## Dataset extract
>>>>
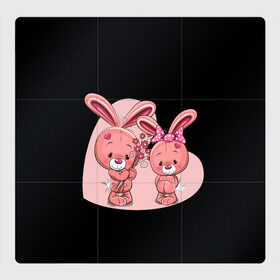 Магнитный плакат 3Х3 с принтом ЗАЙЧИКИ в Екатеринбурге, Полимерный материал с магнитным слоем | 9 деталей размером 9*9 см | bunny | cartoon | hare | rabbit | зайка | заяц | кролик | мультик | розовый | цветы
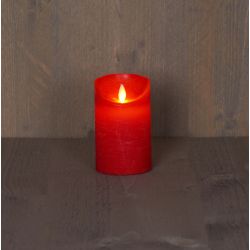 Anna's Collection B.O.T. Kaars Rood Wax Rustiek Bewegende Vlam 7,5X12,5Cm 3Xaaa/Timer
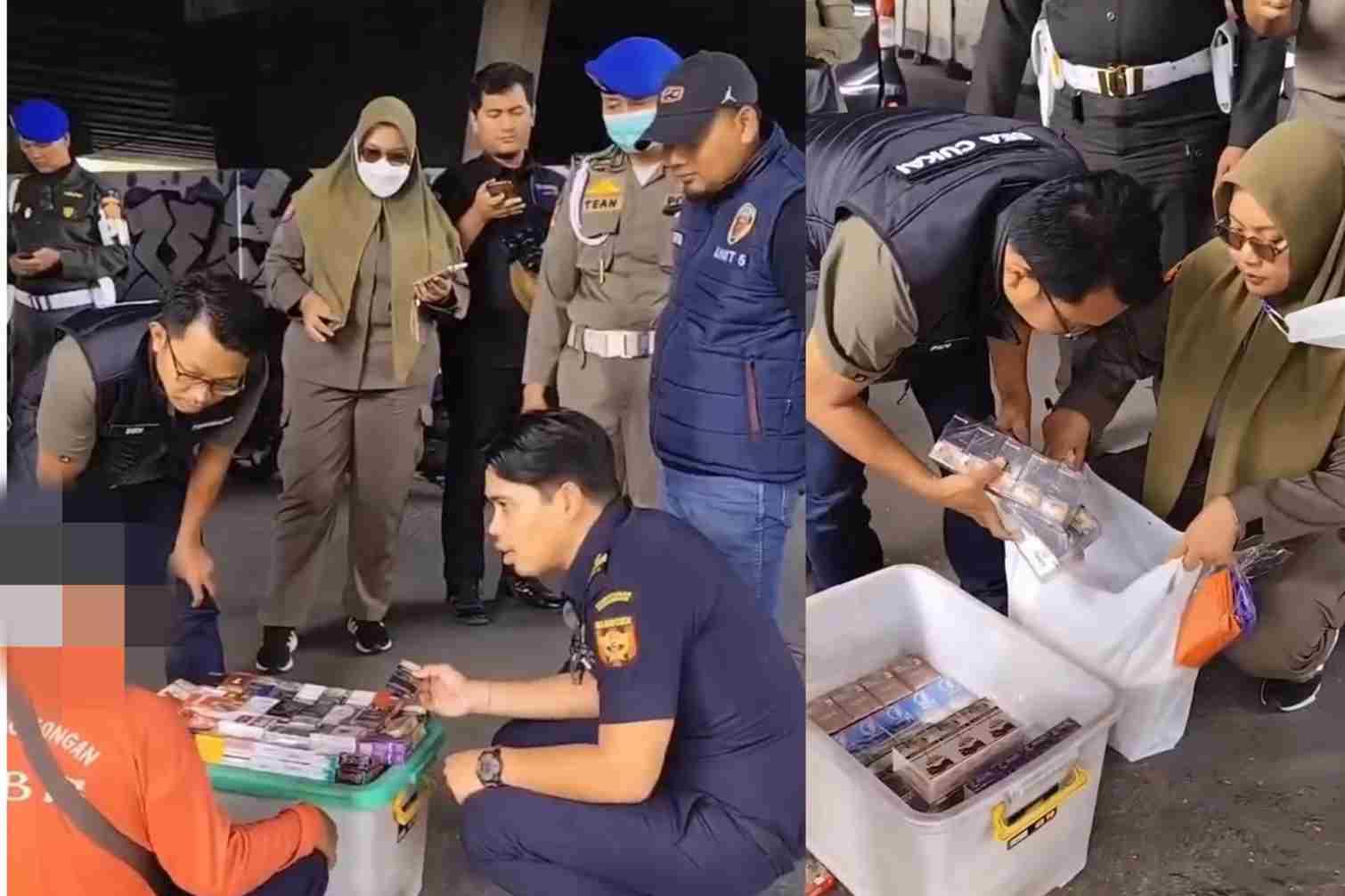 Gelar Razia Gabungan di Surabaya Selatan, Satpol PP dan Bea Cukai Sita Ribuan Batang Rokok Ilegal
<<<<
## Instructions for the task
Everything in the data except the pictures should be restated word for word.

## Task result
 Магнитный плакат 3Х3 с принтом ЗАЙЧИКИ в Екатеринбурге, Полимерный материал с магнитным слоем | 9 деталей размером 9*9 см | bunny | cartoon | hare | rabbit | зайка | заяц | кролик | мультик | розовый | цветы
 Anna's Collection B.O.T. Kaars Rood Wax Rustiek Bewegende Vlam 7,5X12,5Cm 3Xaaa/Timer
 Gelar Razia Gabungan di Surabaya Selatan, Satpol PP dan Bea Cukai Sita Ribuan Batang Rokok Ilegal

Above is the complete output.